Parecem, de fato, ainda fracas as vozes que se levantam do mundo político para tomar medidas que possam realmente mudar a situação. Um caso emblemático é a história do general líbio Nijeem Osama Almasri, acusado de crimes contra a humanidade pelo Tribunal Penal Internacional, o mesmo tribunal que confirmou na segunda-feira, 10 de fevereiro, que havia aberto um processo sobre “o não cumprimento pela Itália de um pedido de cooperação para a prisão e entrega” do general líbio, que foi detido em solo italiano, mas depois repatriado em 21 de janeiro passado. “O que foi feito”, observa o padre Mattia, “exacerbou uma ferida enorme e, portanto, há necessidade de reconciliação, reconciliação com as pessoas migrantes e com aqueles que são vítimas de Almasri”. O convite do sacerdote é, portanto, para se deixar questionar por toda essa dor e depois “abrir nossos corações, porque essas pessoas estão levantando um grito da fraternidade e nos pedem para serem reconhecidas em sua dignidade de irmãos e irmãs”. De fato, ainda há esperança de reverter o curso: “Se nos pegarmos pela mão”, continua, “com a sociedade civil, com as próprias pessoas migrantes, então poderemos construir um novo mundo”, “outro sistema para finalmente dar corpo à fraternidade”. Por causa do que está acontecendo “na Líbia, na Tunísia e em tantas partes do mundo”, a “fraternidade humana” está sendo destruída, afirma Mattia, e “se não a reconstruirmos, não teremos alternativa à barbárie, ao avanço das guerras, das violências, da catástrofe ambiental. Não há outra alternativa a não ser nos redescobrirmos como irmãos e irmãs”.

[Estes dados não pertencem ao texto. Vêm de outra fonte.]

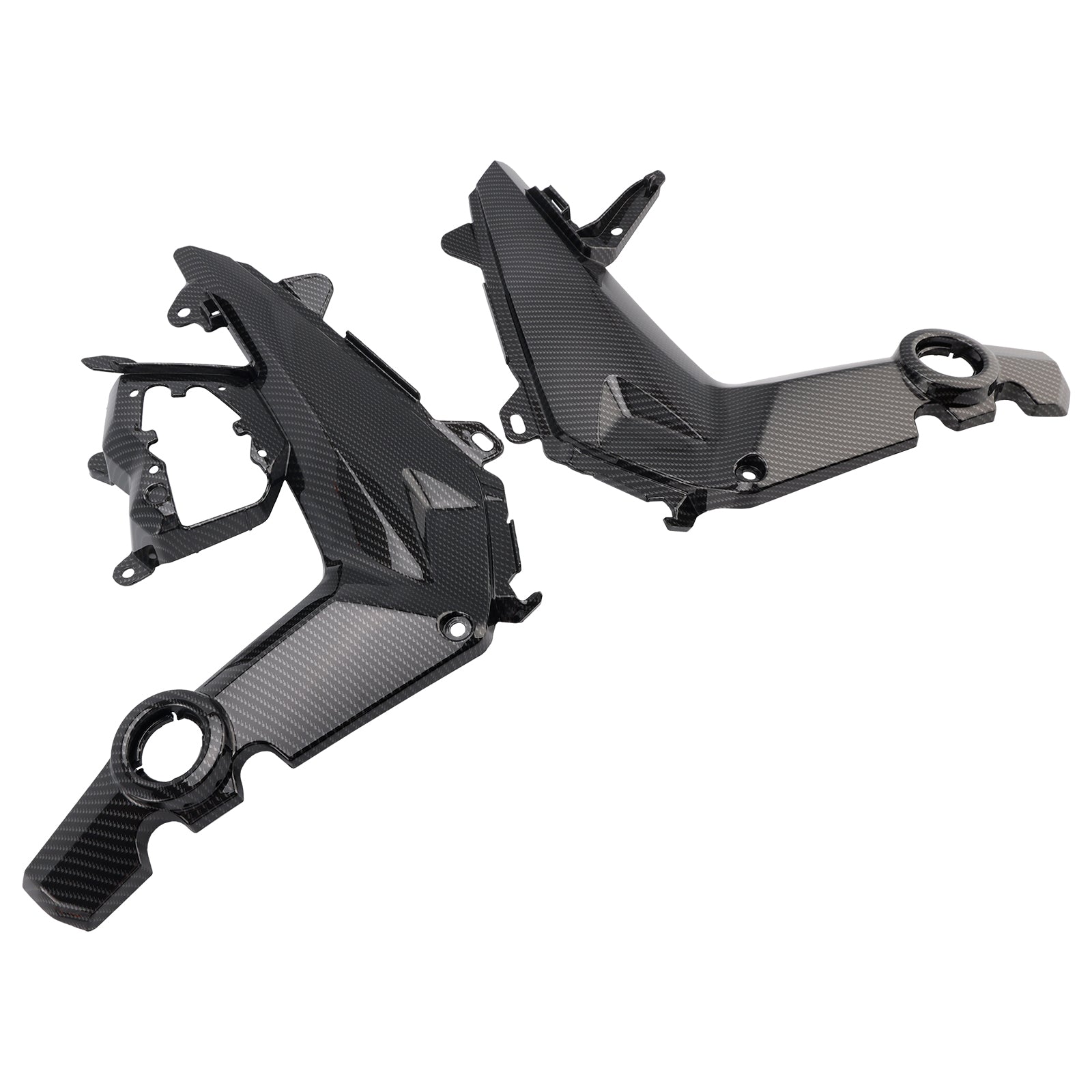 2024-2025 Daytona 660 Frame Zijstempelafdekking Paneelbescherming Kuip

Seu zelo em viver concretamente o que prega levou o padre a receber ameaças e até mesmo a ser colocado sob proteção, principalmente, ele nos explica, por ter denunciado “o sistema da máfia líbia”, onde “os chefões da máfia líbica lucram com o tráfico de seres humanos, com a repulsão de migrantes, como a ONU também denunciou”. Para as instituições, para a política, para a sociedade, o capelão da Mediterranea Saving Humans pede “para pegar os migrantes pela mão, para ouvi-los, para encontrá-los e depois caminhar juntos. Todos nós”. Ele desempenha seu ministério com paixão como homem e como sacerdote, acompanhado por muitos ativistas, pessoas muitas vezes diferentes dele: “Neles, vejo o amor de Jesus, a paixão de Jesus. Alguns acreditam nele, outros não, mas todos são o samaritano da parábola, vivendo aquele amor visceral que caracteriza o coração de Jesus”.